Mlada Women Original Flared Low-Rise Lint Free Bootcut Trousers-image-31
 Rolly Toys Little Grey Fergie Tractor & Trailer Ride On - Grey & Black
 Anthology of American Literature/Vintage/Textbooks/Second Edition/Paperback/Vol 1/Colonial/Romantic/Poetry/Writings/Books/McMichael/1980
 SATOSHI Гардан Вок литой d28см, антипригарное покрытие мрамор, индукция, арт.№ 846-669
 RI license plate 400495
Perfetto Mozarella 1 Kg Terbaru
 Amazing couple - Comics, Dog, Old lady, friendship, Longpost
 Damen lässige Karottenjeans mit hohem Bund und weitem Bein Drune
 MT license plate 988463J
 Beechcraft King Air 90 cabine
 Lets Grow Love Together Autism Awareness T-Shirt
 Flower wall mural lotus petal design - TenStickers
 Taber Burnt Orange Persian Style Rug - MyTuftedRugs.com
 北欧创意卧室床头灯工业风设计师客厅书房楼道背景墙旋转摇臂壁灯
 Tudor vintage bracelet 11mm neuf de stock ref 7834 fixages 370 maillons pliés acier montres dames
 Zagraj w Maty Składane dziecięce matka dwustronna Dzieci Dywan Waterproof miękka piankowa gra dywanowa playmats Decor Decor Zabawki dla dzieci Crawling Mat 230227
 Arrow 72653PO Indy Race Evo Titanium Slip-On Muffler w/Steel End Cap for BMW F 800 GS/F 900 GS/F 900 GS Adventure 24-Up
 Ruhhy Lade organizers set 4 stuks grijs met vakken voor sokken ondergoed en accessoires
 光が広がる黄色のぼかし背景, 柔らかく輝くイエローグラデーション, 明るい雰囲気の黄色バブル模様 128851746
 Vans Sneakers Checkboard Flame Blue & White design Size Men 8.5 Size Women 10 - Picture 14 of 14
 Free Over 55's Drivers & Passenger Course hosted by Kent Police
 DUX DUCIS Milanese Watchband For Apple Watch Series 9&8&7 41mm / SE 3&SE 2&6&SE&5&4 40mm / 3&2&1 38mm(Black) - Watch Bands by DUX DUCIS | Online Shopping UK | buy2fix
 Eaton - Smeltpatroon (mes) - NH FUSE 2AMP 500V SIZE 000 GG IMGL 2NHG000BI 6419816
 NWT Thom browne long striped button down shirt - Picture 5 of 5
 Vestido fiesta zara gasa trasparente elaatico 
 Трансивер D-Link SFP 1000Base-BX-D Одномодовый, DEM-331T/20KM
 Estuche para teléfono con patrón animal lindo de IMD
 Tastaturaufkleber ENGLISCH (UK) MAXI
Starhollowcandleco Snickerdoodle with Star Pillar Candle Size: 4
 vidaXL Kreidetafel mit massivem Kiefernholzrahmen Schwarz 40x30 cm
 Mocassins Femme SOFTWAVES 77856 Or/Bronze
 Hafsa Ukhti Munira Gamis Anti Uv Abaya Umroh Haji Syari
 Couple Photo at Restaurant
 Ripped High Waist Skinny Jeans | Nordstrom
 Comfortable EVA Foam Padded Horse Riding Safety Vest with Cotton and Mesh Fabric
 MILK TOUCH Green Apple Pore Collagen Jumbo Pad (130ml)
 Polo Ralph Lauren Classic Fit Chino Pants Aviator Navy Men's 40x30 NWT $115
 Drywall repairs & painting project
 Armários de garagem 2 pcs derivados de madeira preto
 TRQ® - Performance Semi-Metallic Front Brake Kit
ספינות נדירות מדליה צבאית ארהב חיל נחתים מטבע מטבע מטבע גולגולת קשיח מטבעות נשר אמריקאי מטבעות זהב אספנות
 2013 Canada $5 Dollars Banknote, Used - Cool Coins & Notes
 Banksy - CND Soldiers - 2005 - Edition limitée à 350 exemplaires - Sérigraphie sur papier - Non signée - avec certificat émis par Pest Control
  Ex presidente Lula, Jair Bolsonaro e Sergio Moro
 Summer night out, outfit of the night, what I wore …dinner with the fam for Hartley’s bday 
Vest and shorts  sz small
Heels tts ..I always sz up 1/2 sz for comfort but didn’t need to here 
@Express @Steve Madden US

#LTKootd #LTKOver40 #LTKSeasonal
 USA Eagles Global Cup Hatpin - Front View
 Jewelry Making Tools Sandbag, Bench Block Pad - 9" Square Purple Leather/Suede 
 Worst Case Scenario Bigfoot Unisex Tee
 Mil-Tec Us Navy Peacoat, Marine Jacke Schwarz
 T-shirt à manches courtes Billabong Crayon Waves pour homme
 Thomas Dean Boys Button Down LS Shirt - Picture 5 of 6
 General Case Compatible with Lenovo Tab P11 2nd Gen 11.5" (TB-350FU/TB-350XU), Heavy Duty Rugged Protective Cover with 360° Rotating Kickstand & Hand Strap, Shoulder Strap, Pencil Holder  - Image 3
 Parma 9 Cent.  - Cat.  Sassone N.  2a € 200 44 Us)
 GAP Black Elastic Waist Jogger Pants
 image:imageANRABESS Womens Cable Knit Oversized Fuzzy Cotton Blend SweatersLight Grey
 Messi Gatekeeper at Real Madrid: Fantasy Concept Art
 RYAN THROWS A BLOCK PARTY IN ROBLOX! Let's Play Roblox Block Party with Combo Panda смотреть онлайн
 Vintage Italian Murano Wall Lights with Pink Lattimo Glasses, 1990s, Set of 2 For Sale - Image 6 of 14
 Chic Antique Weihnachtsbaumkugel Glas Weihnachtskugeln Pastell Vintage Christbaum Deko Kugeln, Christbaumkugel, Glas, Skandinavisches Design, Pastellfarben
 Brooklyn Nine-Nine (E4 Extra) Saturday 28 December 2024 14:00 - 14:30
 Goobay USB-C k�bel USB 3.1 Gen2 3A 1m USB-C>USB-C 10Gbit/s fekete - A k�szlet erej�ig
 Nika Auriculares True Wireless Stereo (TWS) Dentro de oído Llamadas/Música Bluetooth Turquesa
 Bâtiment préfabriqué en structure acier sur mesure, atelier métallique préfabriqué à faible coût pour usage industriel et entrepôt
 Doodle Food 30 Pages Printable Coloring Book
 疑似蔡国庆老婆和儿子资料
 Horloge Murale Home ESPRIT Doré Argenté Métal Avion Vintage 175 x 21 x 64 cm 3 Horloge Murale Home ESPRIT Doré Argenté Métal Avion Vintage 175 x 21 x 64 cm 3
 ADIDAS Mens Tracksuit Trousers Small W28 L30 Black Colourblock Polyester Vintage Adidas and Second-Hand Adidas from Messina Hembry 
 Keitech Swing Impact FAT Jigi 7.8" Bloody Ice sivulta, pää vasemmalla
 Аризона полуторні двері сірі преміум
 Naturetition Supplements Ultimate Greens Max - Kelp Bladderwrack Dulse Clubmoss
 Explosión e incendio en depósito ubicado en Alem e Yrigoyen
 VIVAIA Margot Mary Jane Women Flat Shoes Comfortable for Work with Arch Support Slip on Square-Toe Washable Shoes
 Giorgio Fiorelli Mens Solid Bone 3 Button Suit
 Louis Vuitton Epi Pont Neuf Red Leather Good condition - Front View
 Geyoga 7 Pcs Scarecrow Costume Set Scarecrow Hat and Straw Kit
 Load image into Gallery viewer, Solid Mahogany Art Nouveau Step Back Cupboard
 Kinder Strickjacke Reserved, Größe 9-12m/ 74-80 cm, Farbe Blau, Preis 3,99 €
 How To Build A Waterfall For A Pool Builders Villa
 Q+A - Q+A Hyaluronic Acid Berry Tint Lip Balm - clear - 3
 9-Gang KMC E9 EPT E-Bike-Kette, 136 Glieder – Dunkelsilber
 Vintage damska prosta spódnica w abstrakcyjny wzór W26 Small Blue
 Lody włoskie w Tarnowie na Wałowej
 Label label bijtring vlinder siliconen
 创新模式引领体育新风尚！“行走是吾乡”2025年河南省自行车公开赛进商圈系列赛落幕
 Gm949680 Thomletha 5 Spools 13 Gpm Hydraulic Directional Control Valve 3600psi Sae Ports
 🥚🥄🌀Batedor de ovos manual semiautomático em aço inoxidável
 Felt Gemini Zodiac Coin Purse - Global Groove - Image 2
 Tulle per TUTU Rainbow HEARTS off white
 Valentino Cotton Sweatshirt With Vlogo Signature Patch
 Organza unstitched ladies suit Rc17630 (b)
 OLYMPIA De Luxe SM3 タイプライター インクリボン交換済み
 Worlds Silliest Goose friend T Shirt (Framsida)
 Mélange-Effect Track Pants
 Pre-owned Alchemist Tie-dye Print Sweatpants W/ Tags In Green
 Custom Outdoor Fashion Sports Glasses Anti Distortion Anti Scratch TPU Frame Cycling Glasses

* Activity *
From the records above, quote only the lines running from the line with "Bâtiment préfabriqué en" to the line with "em aço inoxidável", both lines included.

* Final answer *
 Bâtiment préfabriqué en structure acier sur mesure, atelier métallique préfabriqué à faible coût pour usage industriel et entrepôt
 Doodle Food 30 Pages Printable Coloring Book
 疑似蔡国庆老婆和儿子资料
 Horloge Murale Home ESPRIT Doré Argenté Métal Avion Vintage 175 x 21 x 64 cm 3 Horloge Murale Home ESPRIT Doré Argenté Métal Avion Vintage 175 x 21 x 64 cm 3
 ADIDAS Mens Tracksuit Trousers Small W28 L30 Black Colourblock Polyester Vintage Adidas and Second-Hand Adidas from Messina Hembry 
 Keitech Swing Impact FAT Jigi 7.8" Bloody Ice sivulta, pää vasemmalla
 Аризона полуторні двері сірі преміум
 Naturetition Supplements Ultimate Greens Max - Kelp Bladderwrack Dulse Clubmoss
 Explosión e incendio en depósito ubicado en Alem e Yrigoyen
 VIVAIA Margot Mary Jane Women Flat Shoes Comfortable for Work with Arch Support Slip on Square-Toe Washable Shoes
 Giorgio Fiorelli Mens Solid Bone 3 Button Suit
 Louis Vuitton Epi Pont Neuf Red Leather Good condition - Front View
 Geyoga 7 Pcs Scarecrow Costume Set Scarecrow Hat and Straw Kit
 Load image into Gallery viewer, Solid Mahogany Art Nouveau Step Back Cupboard
 Kinder Strickjacke Reserved, Größe 9-12m/ 74-80 cm, Farbe Blau, Preis 3,99 €
 How To Build A Waterfall For A Pool Builders Villa
 Q+A - Q+A Hyaluronic Acid Berry Tint Lip Balm - clear - 3
 9-Gang KMC E9 EPT E-Bike-Kette, 136 Glieder – Dunkelsilber
 Vintage damska prosta spódnica w abstrakcyjny wzór W26 Small Blue
 Lody włoskie w Tarnowie na Wałowej
 Label label bijtring vlinder siliconen
 创新模式引领体育新风尚！“行走是吾乡”2025年河南省自行车公开赛进商圈系列赛落幕
 Gm949680 Thomletha 5 Spools 13 Gpm Hydraulic Directional Control Valve 3600psi Sae Ports
 🥚🥄🌀Batedor de ovos manual semiautomático em aço inoxidável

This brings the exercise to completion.